Provides Update on Early Access Program for Solexa Genome Analysis System  

HAYWARD, Calif. and Cambridge, U.K. (August 14, 2006) – Solexa, Inc. (Nasdaq: SLXA) today announced its financial results for the quarter ended June 30, 2006.  The Company also provided an update on the Early Access program for its first-generation Solexa Genome Analysis System.                       

“We began shipping the Solexa Genome Analysis System on schedule during the second quarter, marking the achievement of a major milestone,” said John West, chief executive officer of Solexa.  “To date, we have placed multiple Early Access instrument systems in leading genome centers.  We are pleased with the enthusiastic response we have received from our customers, including the decision by one customer, after working with the system for approximately one month, to take delivery of a second unit.  We will invoice customers when we have met the Early Access product specifications, which we anticipate will occur later this year.     

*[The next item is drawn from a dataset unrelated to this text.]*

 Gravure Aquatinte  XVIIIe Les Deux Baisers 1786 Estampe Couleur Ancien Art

“Our Early Access program is designed to better prepare us for broad commercial launch of the Solexa Genome Analysis System,” added Mr. West.  “We are gaining valuable customer feedback that we expect to use to further enhance our System’s performance and robustness, and we are honing our operations and field support activities.  We continue to anticipate making the Solexa Genome Analysis System more broadly available this fall and are pleased with our growing order backlog.”  

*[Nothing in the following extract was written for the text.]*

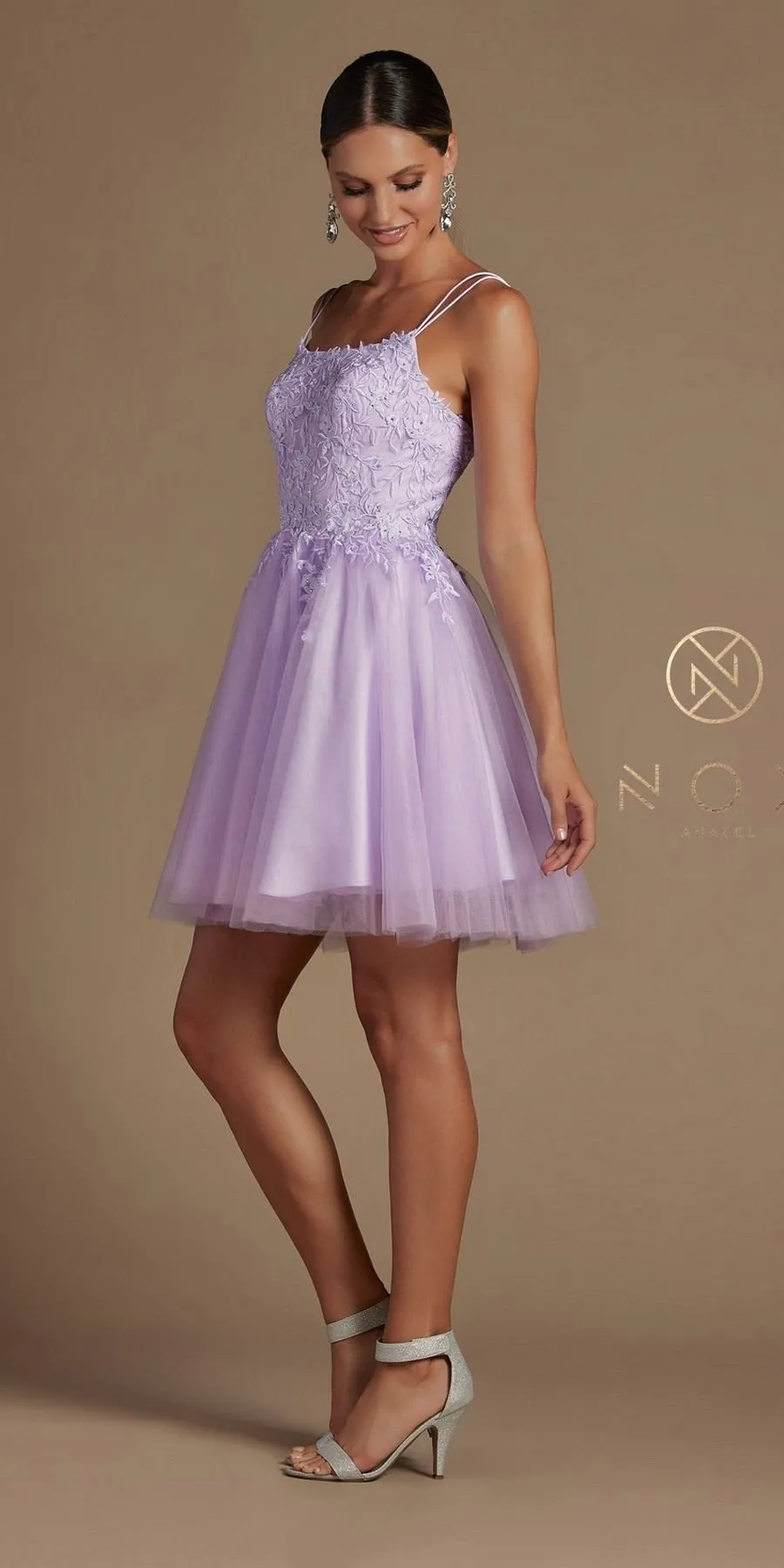 Nox Anabel T718 Short A-Line Corset Back Baby Doll Dress Tulle Skirt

Other significant progress in Solexa’s preparations for full commercialization includes the hiring of key management positions in sales, manufacturing and genomics services operations, as well as entering into reagent supply arrangements with Invitrogen and New England Biolabs.  Solexa remains focused on key activities necessary for broad commercial release of the product, including further refining the technical performance of the system, ramping up instrument and consumable manufacturing capacity and building out field operations to provide sales and technical support. 

Financial Results 

Revenue for the quarter ended June 30, 2006 was $1.1 million, compared with $1.4 million for the quarter ended June 30, 2005.  Revenue during the quarter was derived primarily from services fees generated from Solexa’s legacy MPSS™ technology and does not yet reflect any contribution from the Solexa Genome Analysis System, Solexa’s reversible-terminator chemistry and Clonal Single Molecule Array™ DNA sequencing platform.  Solexa intends to discontinue performing MPSS services in 2006, and the decrease in revenues is primarily due to the wind-down of these activities.  Other revenue in the second quarter of 2006 was related to a government grant. 

Cost of service revenue for the 2006 second quarter was $917,000, compared with $1.7 million for the 2005 second quarter.  The decrease reflects the wind-down of the MPSS services business, which resulted in a decrease in labor, materials and supply costs.  In addition, in the three months ended June 30, 2006, the Company charged certain operating costs against a forward loss contingency for unprofitable MPSS contracts in its genomics services business; the reserve balance was $28,000 at June 30, 2006.  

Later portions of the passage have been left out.